Ryan Blaney and Chase Elliott are good friends. They crashed on the final lap of last Tuesday’s Busch Clash while running 1-2. They did so battling for the win. At the time, Blaney obviously wasn’t happy about Elliott’s move. Elliott, said that he agreed that Blaney should be upset but also said that his job is to go for the win.

Five days later, good friends and teammates Joey Logano and Brad Keselowski crashed on the final lap of last Sunday’s Daytona 500 while also battling for the win. They were running 1-2 at the time. Five more days later, Elliott said that he and Blaney have obviously spoken of their incident are are fine. But, neither Penske driver have yet spoken about the incident though.

Logano, talked to the media on Friday about his feelings towards it and that he feels like both have to talk soon.

“When you’re married to somebody, you have to figure it out,” Logano said. “You’re married. You don’t just leave. You get married, it’s supposed to be forever. And so, when you have conflict or differences of opinion, you have to talk about it. You can’t just roll it up under the rug. It’s not going to work. It’s not healthy. It’s kind of the situation here.

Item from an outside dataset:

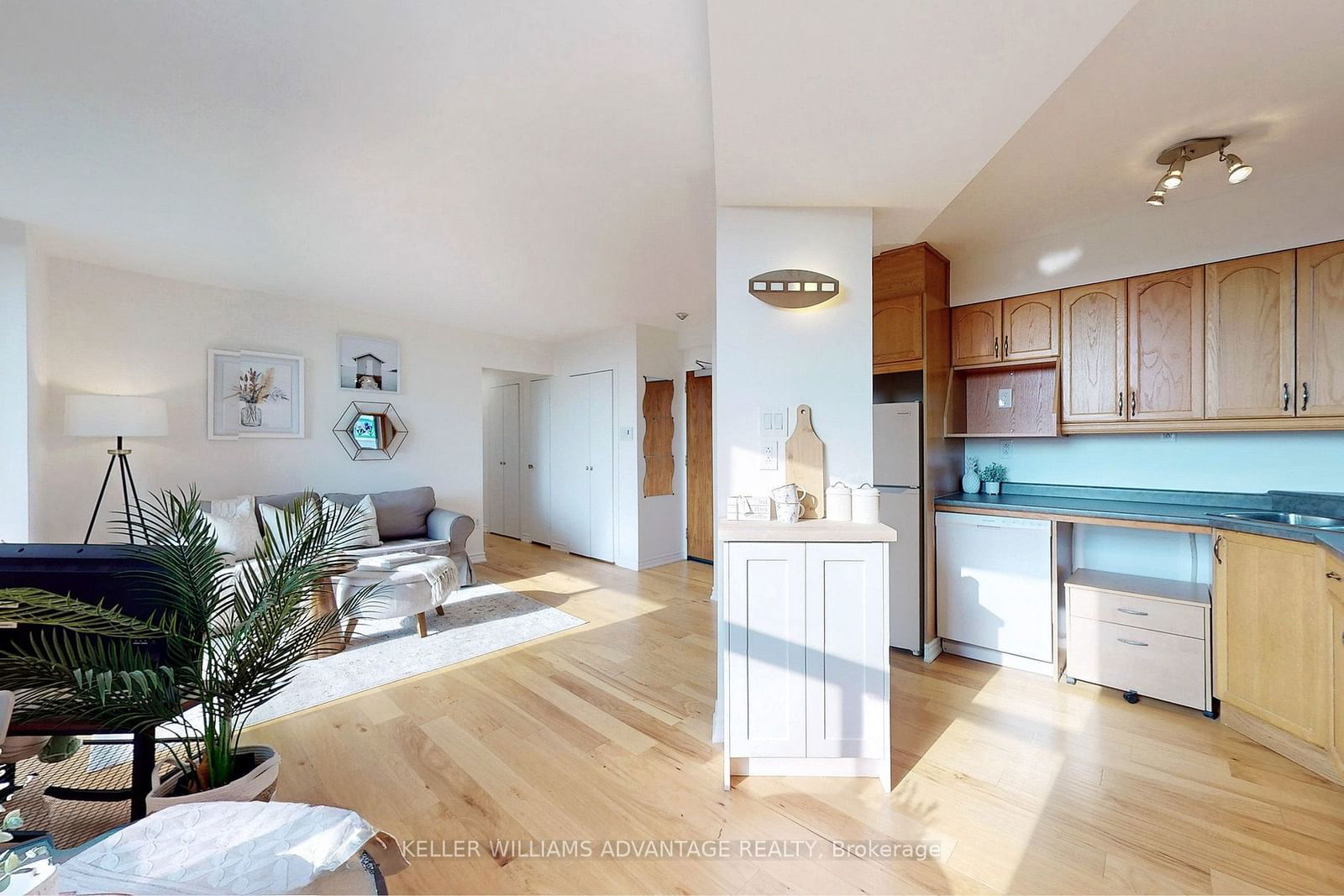 1145 Logan Ave, unit 1003 for sale - image #13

“I will be forced, and he will be forced to work with me. We’re still teammates. We will have to figure this out. We may not have to agree on everything, but we at least have to find a way to move forward, and that is going to be the approach we need to do because going back to the 400 men and women who work at Team Penske, we owe it to them to figure this out and we will fix it. It’s fine. Like I said, you can look at this thing three different ways, and there are going to be six different opinions on how the last few laps went, and depending on what seat you’re in, you would pick differently.”


Logano said that they’d talk this weekend ahead of Sunday’s second event of the season. He feels like they owe it to the 400 Team Penske employees who could be asking where their Daytona 500 bonus is. They need to figure this out together and move forward without having this nagging crash always in the back of their minds.

As to why they haven’t spoken yet, five days later, Logano said that it’s best to cool your jets before meeting about it. You don’t want to meet and let things boil over still and say things you don’t mean and let this carry on further.

“It’s maybe not what needs to be said, but what is the goal moving forward,” Logano said. “The goal is to move on and not say, ‘You raced me hard, so I’m going to race you hard’ and now we’re going to beat the doors off each other and it grows and grows and grows and grows.

“That’s the goal that you can’t have. You can’t seek revenge or just, ‘Well, you made my life hard, so I’m going to make your life hard.’ That’s childish. We’re adults. We’re not doing that. I’m not going to do that for a multiple of reasons. … If you do that, it’s the most selfish thing you can do because you’re not just hurting yourself or hurting him, you’re hurting all the people that work on that car and what did they do to you? They’re the same people that work on my car by the way, so it’s a matter of just saying how do we move forward, not you did this, you did this, you did this.

“It’s, ‘OK, that’s that.’ Start at zero. Clean slate. Never to bring up anything that’s happened six months ago, a year ago, five years ago. If you want to talk about it, that is the time. The best time to talk about it, bring it up, be honest, get it off your chest. If you need to get it of your chest because it makes you feel better, good. That’s going to be healthy, but after that it’s never being brought up again. Never. It’s got to start at zero.”

Elliott, said on his crash with Blaney that he’s not really studied this tape of the last lap crash, but he has paid attention to it in terms of how to improve for this time around.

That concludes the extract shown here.